One of the eligibility requirements for FMLA is that the employee must work at a worksite where at least 50 employees are employed by the company within a 75-mile radius. How does the telecommuter fit in? The FMLA regulations, Section 825.111, paragraph (2), address the issue:

"An employee's personal residence is not a worksite in the case of employees, such as salespersons, who travel a sales territory and who generally leave to work and return from work to their personal residence, or employees who work at home, as under the concept of flexiplace or telecommuting. Rather, their worksite is the office to which they report and from which assignments are made."

Thus, if the remote worker's reporting office employs 50 or more employees within a 75-mile radius, and if he or she has worked for the company for at least 12 months and has worked at least 1250 hours in the last 12 months, the employee is eligible for FMLA leave.

But beyond the FMLA, there may be state laws that apply. Some employees have seen remote work as an opportunity to explore living in different parts of the country and may change state residences several times during the year. It's critical that you require employees to notify you whenever they will be working from a different jurisdiction, as you'll need to determine whether they are entitled to a statutory leave of absence under the laws of the state/city.

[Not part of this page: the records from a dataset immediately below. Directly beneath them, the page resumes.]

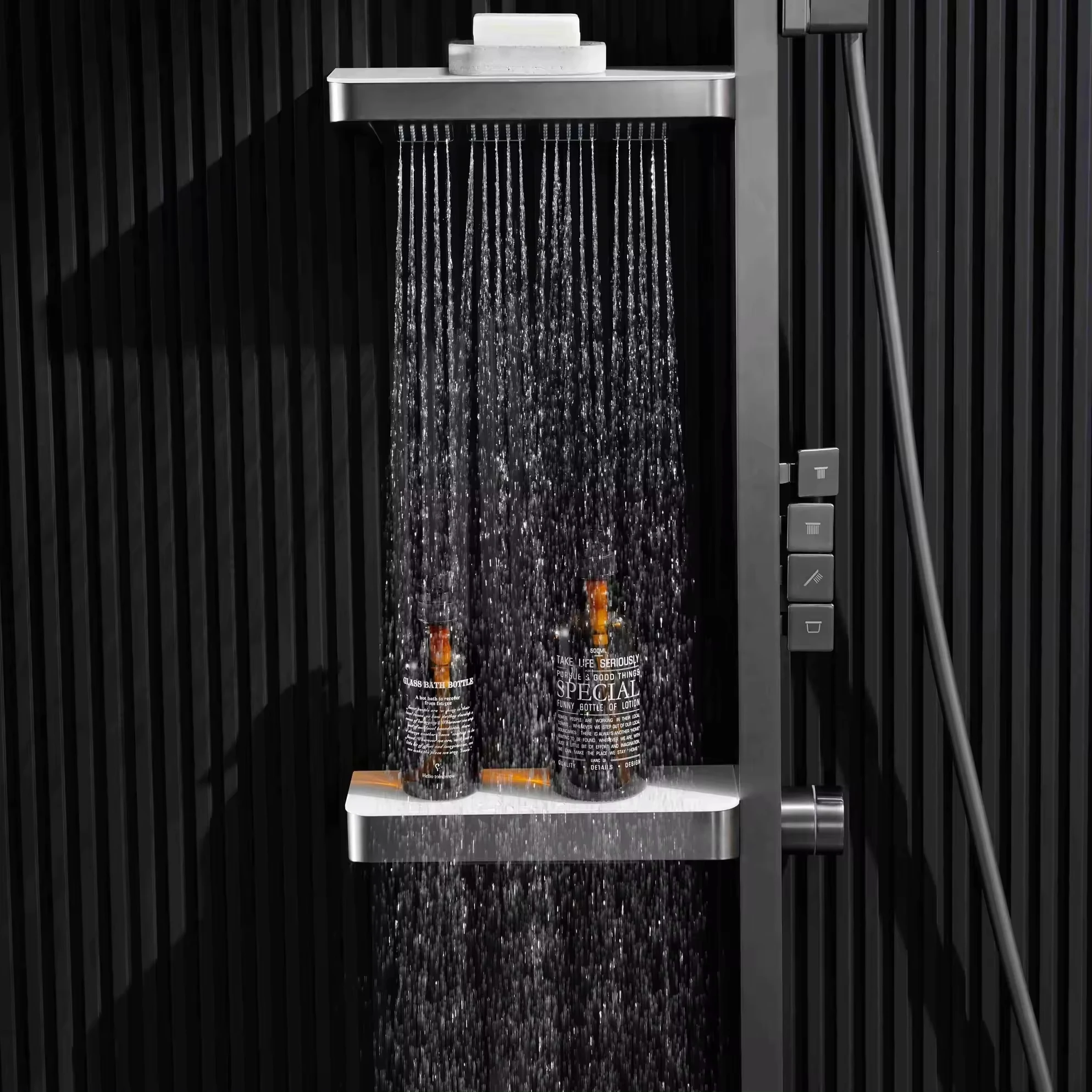 أسود متعدد الوظائف شلال البيانو مفتاح التدليك الساخن والبارد الحائط دش رئيس مجموعات نظام دش مجموعة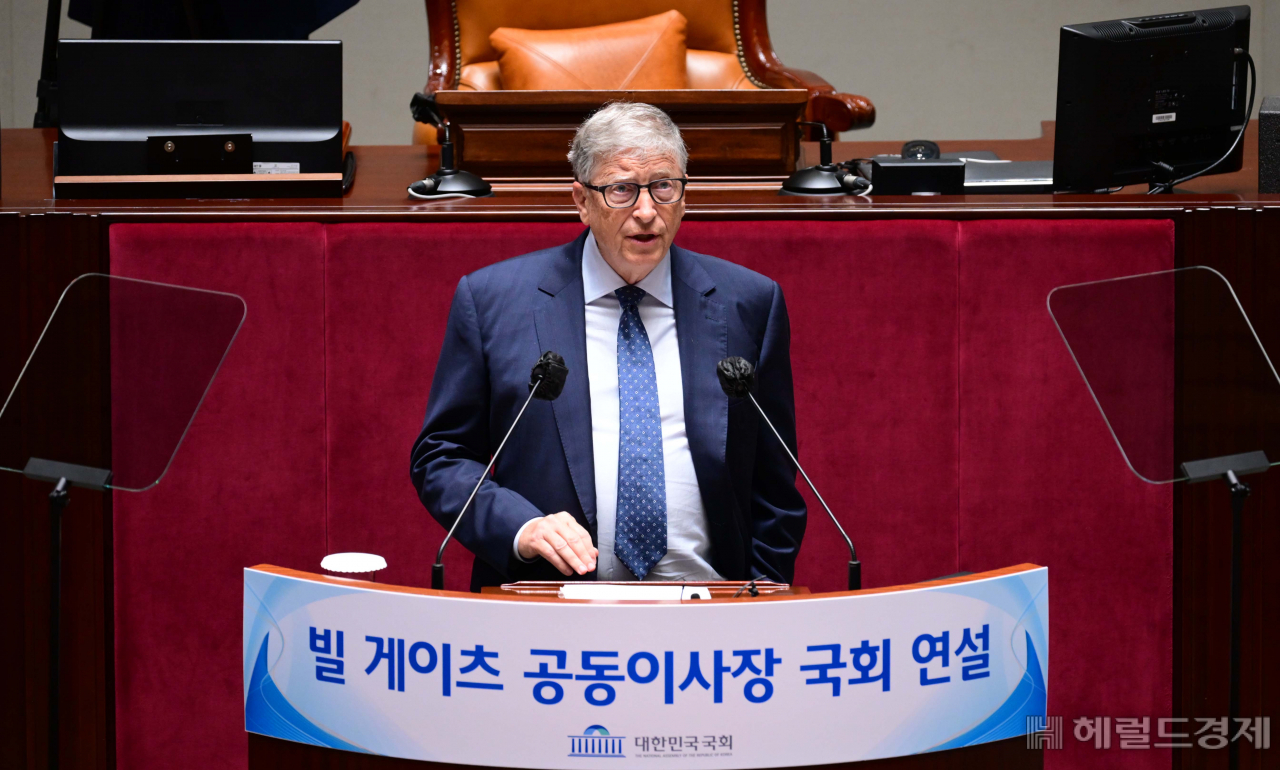 마이크로소프트 창업자인 빌 게이츠 '빌 앤 멜린다 게이츠 재단' 공동 이사장이 16일 오전 서울 여의도 국회 예결위 전체회의장에서 연설을 하고 있다. 이상섭 기자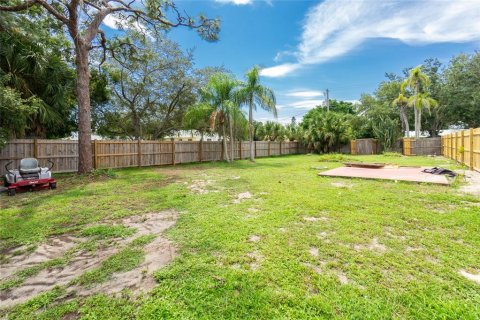 Terreno en venta en Nokomis, Florida № 1371142 - foto 4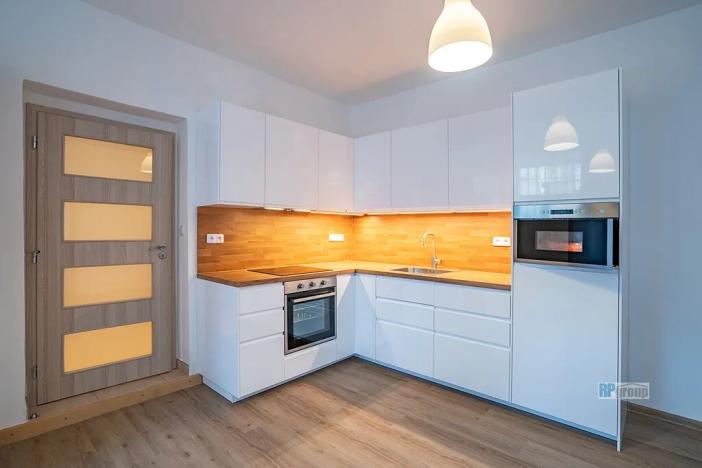 Pronájem bytu 2+kk, Praha - Žižkov, Štítného, 64 m2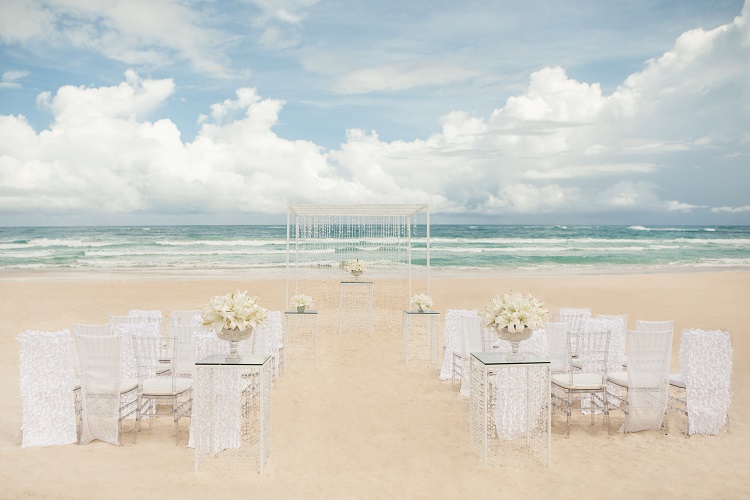 Wedding ceremony at Heaven at the Hard Rock Hotel Riviera Maya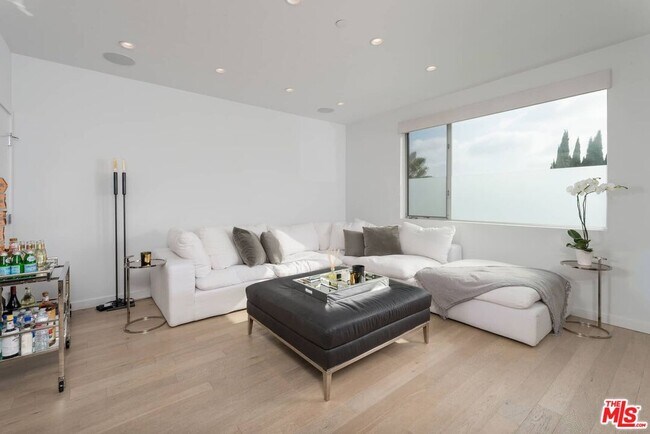 Building Photo - 1040 N Spaulding Ave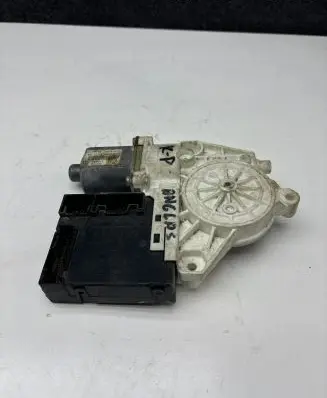 Volkswagen PASSAT B7 Front door window regulator motor 3C095979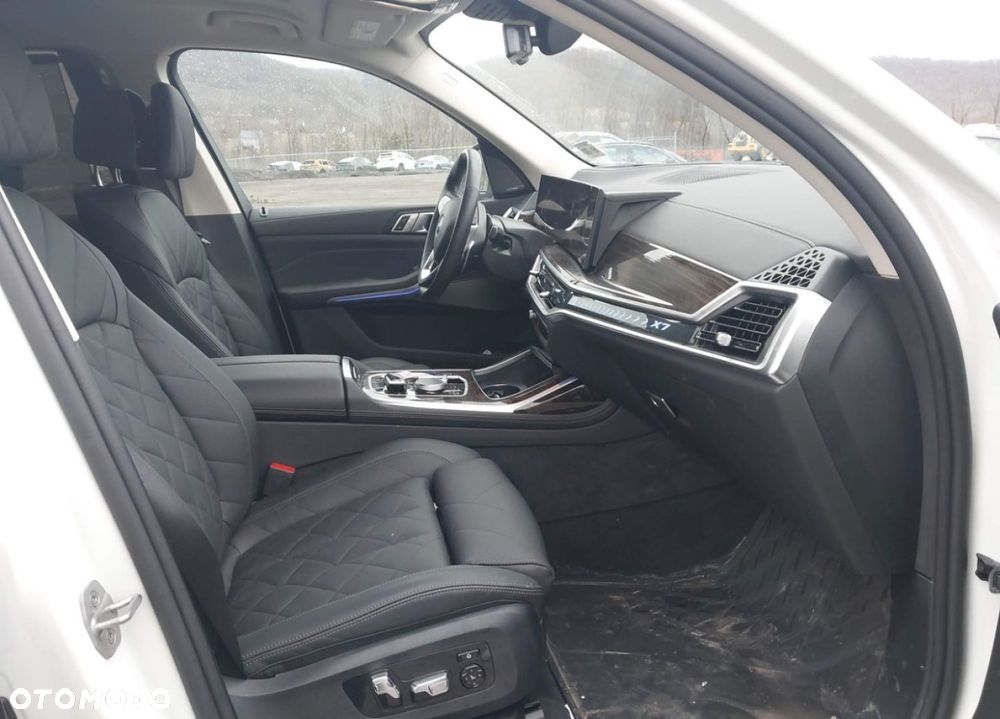 BMW X7 - 10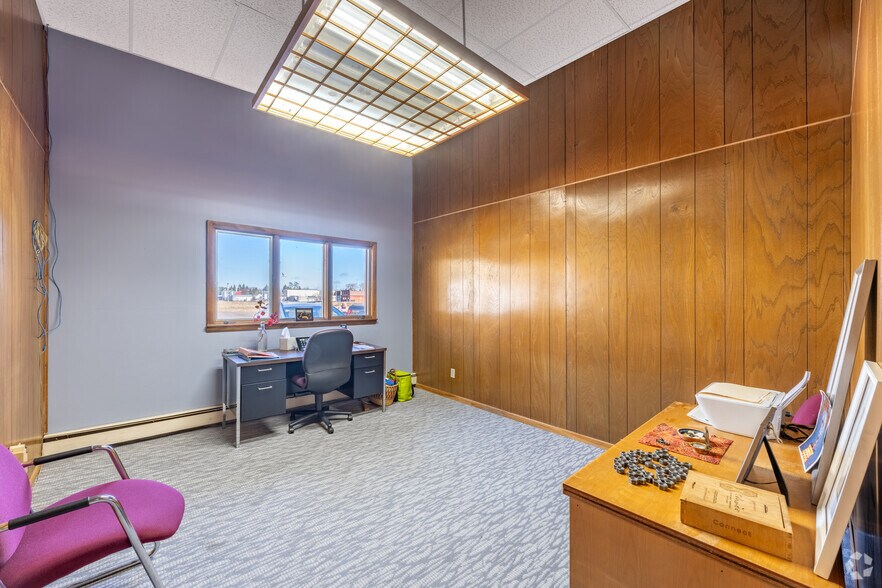 More Photos Of 236 S 2nd St, Butternut Distribution For Lease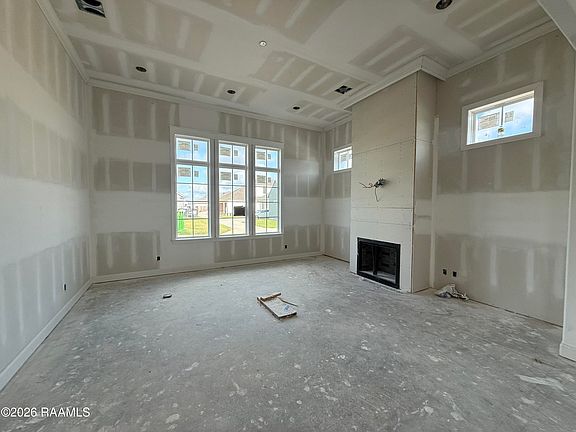 2nd image of 402 Broyles St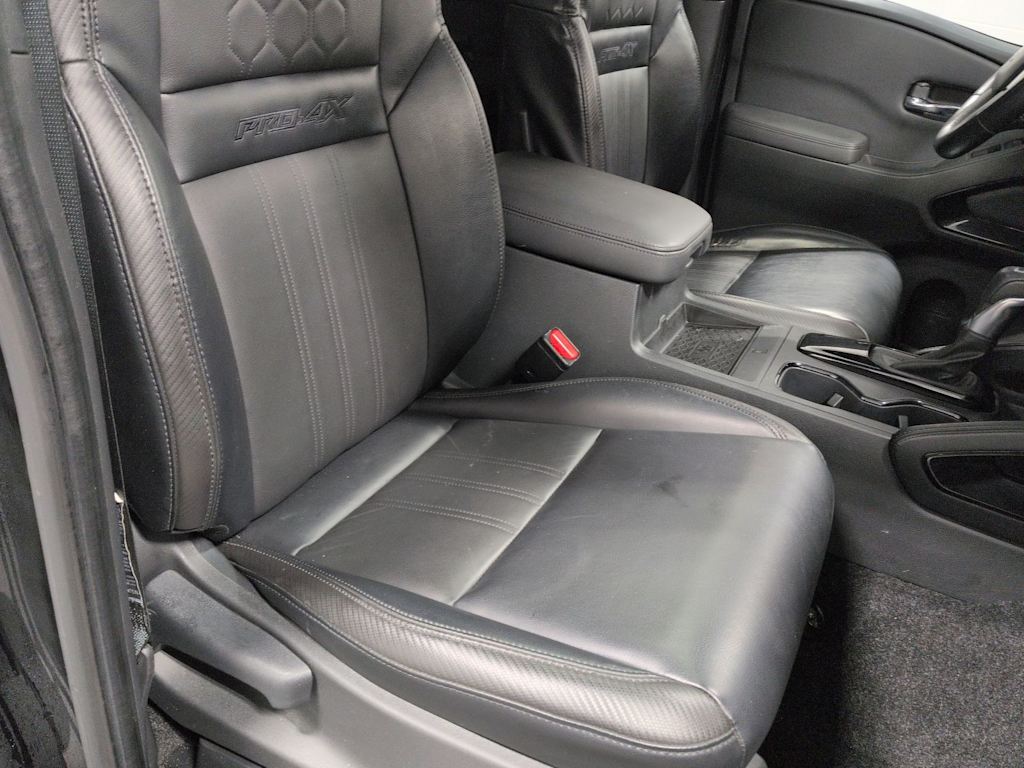 Thumbnail: 2022 Nissan Frontier - 12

California, Connecticut, Hawaii, Massachusetts, New Jersey, New York, Rhode Island, Washington, and Washington, DC provide paid family leave and other states have non-paid family leave. A recent "Dear Littler" letter illustrated the state law quandary and demonstrated the complexity and possible financial obligations of employers to fund the benefits. For example, if an employee moves to Massachusetts and falls ill after earning more than $5,400 there, they may be covered, and you may be required to withhold pay from his paycheck to fund this benefit.